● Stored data
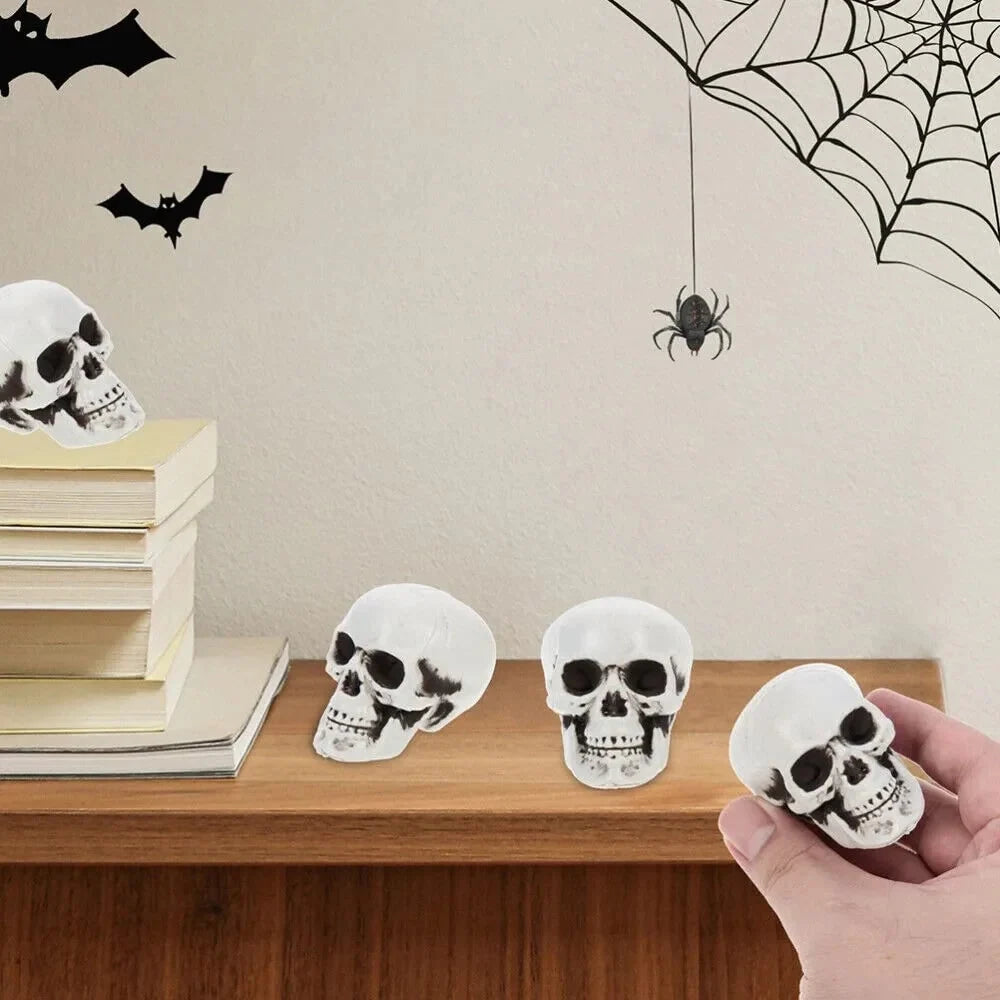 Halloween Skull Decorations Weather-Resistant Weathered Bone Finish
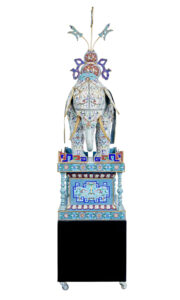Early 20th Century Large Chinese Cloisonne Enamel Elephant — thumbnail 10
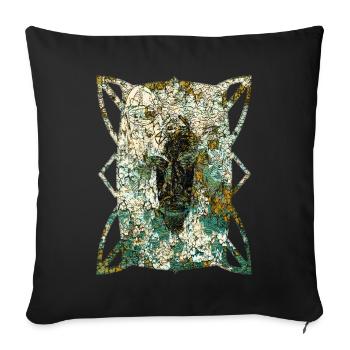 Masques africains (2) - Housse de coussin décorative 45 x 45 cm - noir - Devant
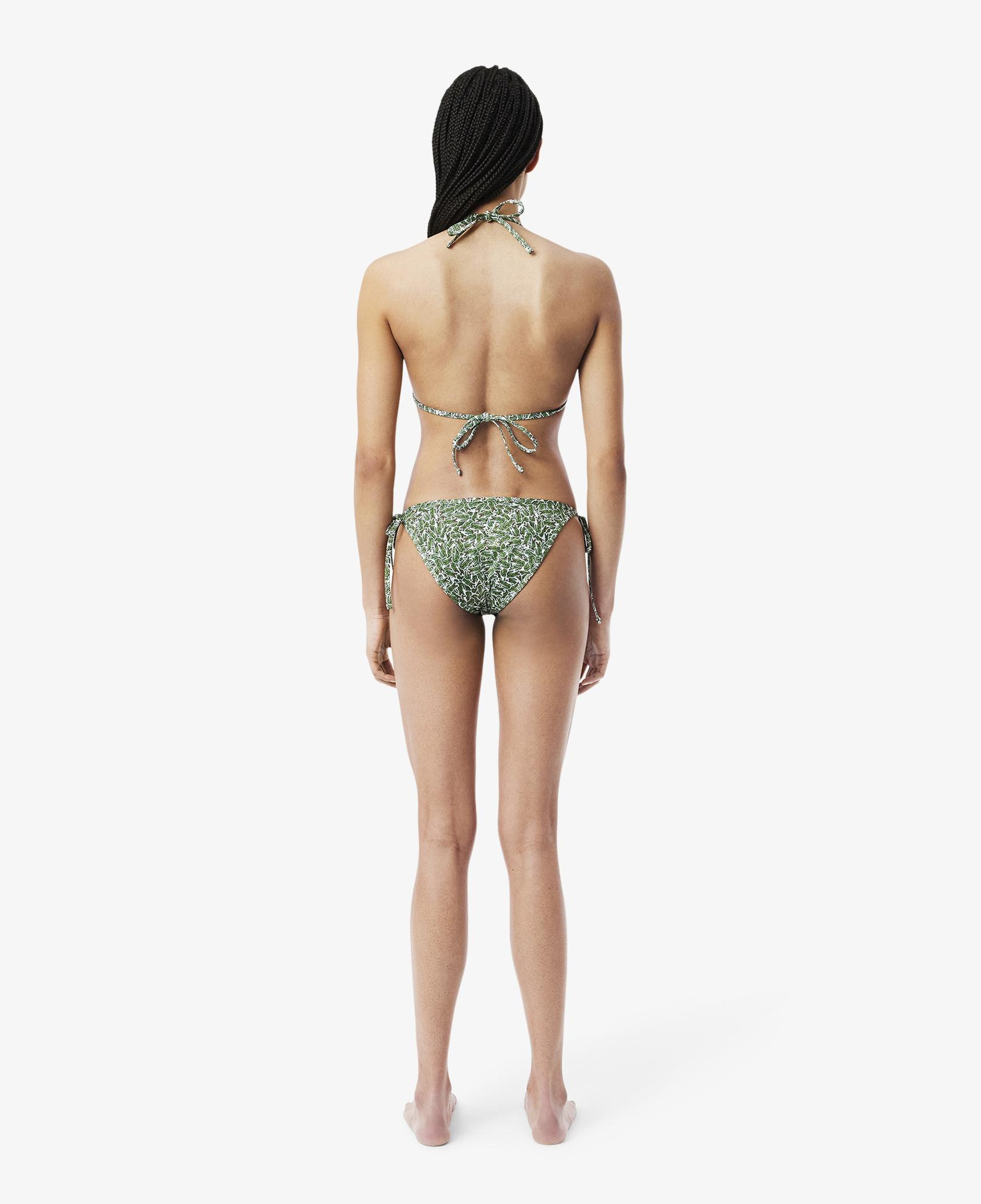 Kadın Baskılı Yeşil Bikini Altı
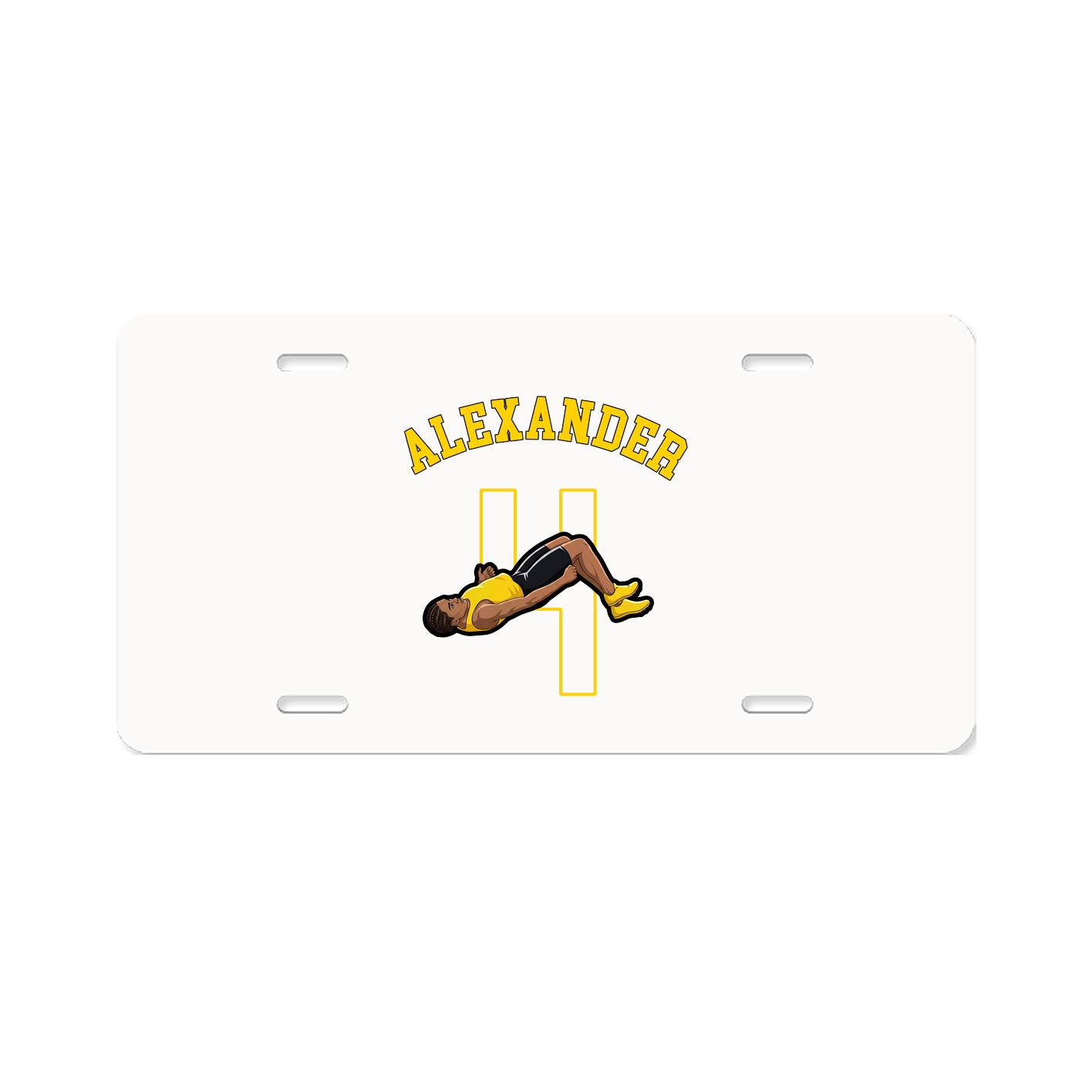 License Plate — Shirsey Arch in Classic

● About this exercise
Exactly what appears in the records above must be returned, apart from the pictures.

● Written response
 Halloween Skull Decorations Weather-Resistant Weathered Bone Finish
Early 20th Century Large Chinese Cloisonne Enamel Elephant — thumbnail 10
 Masques africains (2) - Housse de coussin décorative 45 x 45 cm - noir - Devant
 Kadın Baskılı Yeşil Bikini Altı
 License Plate — Shirsey Arch in Classic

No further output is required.